◆ Your assignment
Lines from the line with "4.5 cu. ft." to the line with "Set Of 4 Matte" in the entries below, and only those, must be output exactly, with both ends included.

◆ Data supplied
|---|

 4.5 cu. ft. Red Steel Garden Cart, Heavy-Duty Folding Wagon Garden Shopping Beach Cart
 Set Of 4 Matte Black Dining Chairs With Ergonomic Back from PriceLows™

|---|

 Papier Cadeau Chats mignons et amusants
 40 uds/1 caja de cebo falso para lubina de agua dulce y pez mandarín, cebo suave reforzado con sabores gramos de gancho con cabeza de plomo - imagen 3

|---|

◆ Result of this exercise
 4.5 cu. ft. Red Steel Garden Cart, Heavy-Duty Folding Wagon Garden Shopping Beach Cart
 Set Of 4 Matte Black Dining Chairs With Ergonomic Back from PriceLows™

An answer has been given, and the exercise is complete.